In the folder called /scss, you should find an ionic.app.scss file. This is the main SASS file that compiles all the styles for your app. This is what Ionic’s Gulp set up will refer to. Want your code to work and compile with everything else, including live refresh? The ionic.app.scss file is self-explanatory. You can add plenty of new styles at the end of this file. This will work well for small and simple apps with a few customizations.

One Step Further – Put Your Custom App Styles into Their Own Folder

Chances are, your app isn’t going to stay small and simple. It is going to grow and you are going to want it to remain manageable. This is especially true if a team of developers is involved (either now or in the future). For these reasons and more, I’d recommend splitting your custom styles into a neater set of files. The files should mirror Ionic’s sass files whenever we’re specifically overriding Ionic itself. Put these custom app styles into their own subfolder.

I set up a folder which matches the app’s name within the scss folder. The main scss file for my custom styles matches that app name too. For example, for a social networking app for ants with the name Antstagram would have its styles in scss/antstagram/antstagram.scss. Within antstagram.scss, we’d then have several @import statements to import our other scss files like _variables.scss and _items.scss. This is done for those matching our Ionic framework. It is also done along with custom files specific to our app functionality like _antmountain.scss. Speaking of _variables.scss, there are a few ways to override Ionic’s variables. I’ll explain those in my next tip.

Best Place for Custom Styles in Ionic 2

In ionic 2, the default folder structure places each component with its own SCSS file. This is where you should put all page specific styles.

Each component has its own SCSS file

Custom styles that apply globally should go in the app.scss file located in src/app/app.scss

Global Styles declared in app.scss

To customize the overall theme of your app, edit the src/theme/variables.scss file. This is where all the color variables are declared. The $primary color is the only required color. It is the default color used to style the buttons and other components in Ionic 2. A good approach is to set the color variables to the colors of your design. This should be done instead of declaring custom classes whenever possible. This ensures that the colors are applied consistently throughout your app. Do note, that the $colors map should only contain variables for UI components. Arbitrary color variables should not be placed here.

How Do I Override Color Variables Correctly in Ionic 1?

Ionic comes set up with a set of styles pre-defined and ready for you to customize and use. Before defining a ton of your own variables, have a look through the list of default variables first. Use them if they’re applicable to what you’re looking to style.
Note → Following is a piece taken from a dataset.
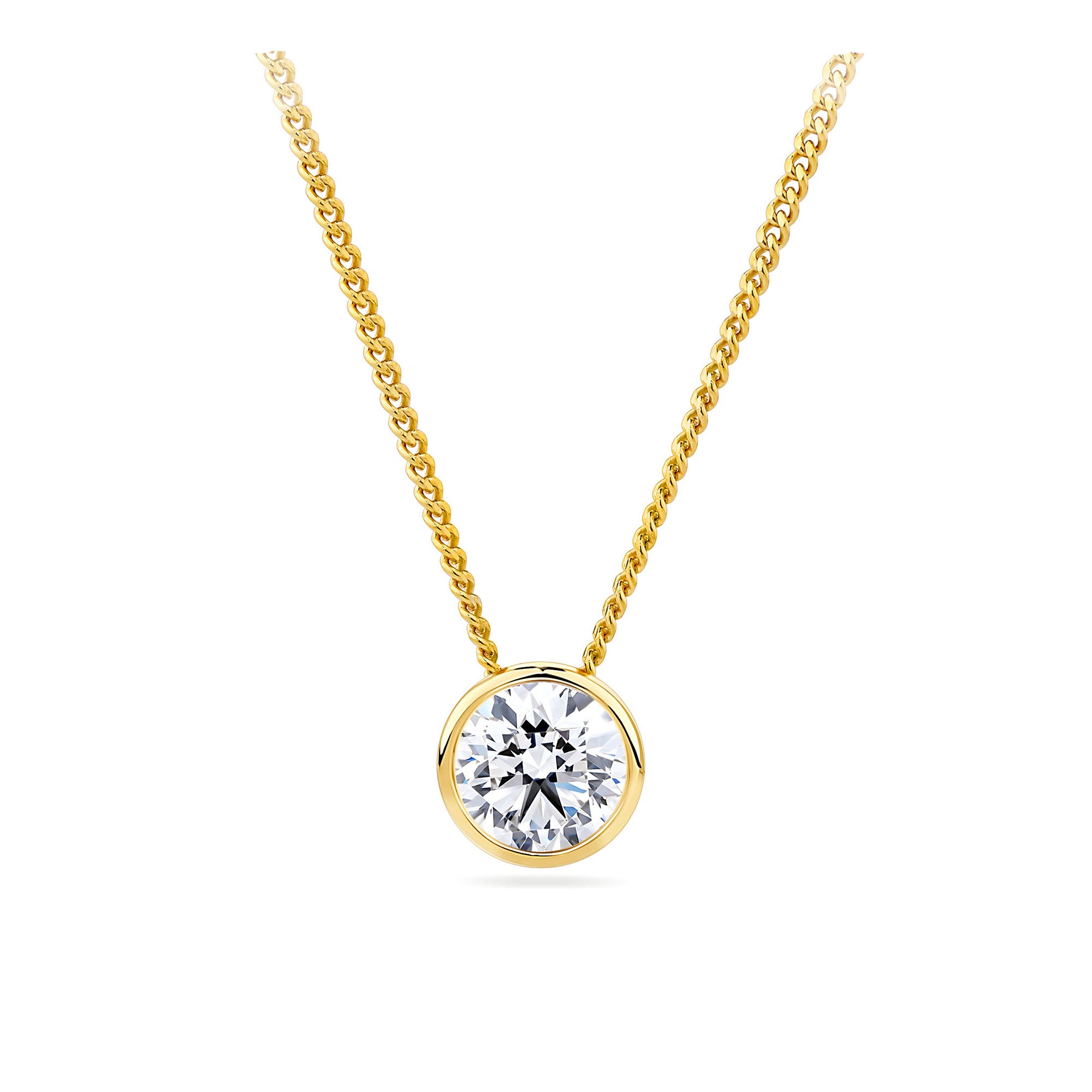 Cubic Zirconia Pendant in 9ct Yellow Gold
These variables are all conveniently listed in www/lib/ionic/scss/_variables.scss. It is tempting for beginners to edit them here. Don’t do it! Whenever you update Ionic, your changes will be overwritten by any updates to Ionic’s variables. Generally – don’t customize anything in the www/lib folder. Leave those files as is. Pretend those files are completely read-only. You can add to them if you’ve got another JavaScript library you’d like to use. Otherwise, you’ll want to avoid customizing files in here.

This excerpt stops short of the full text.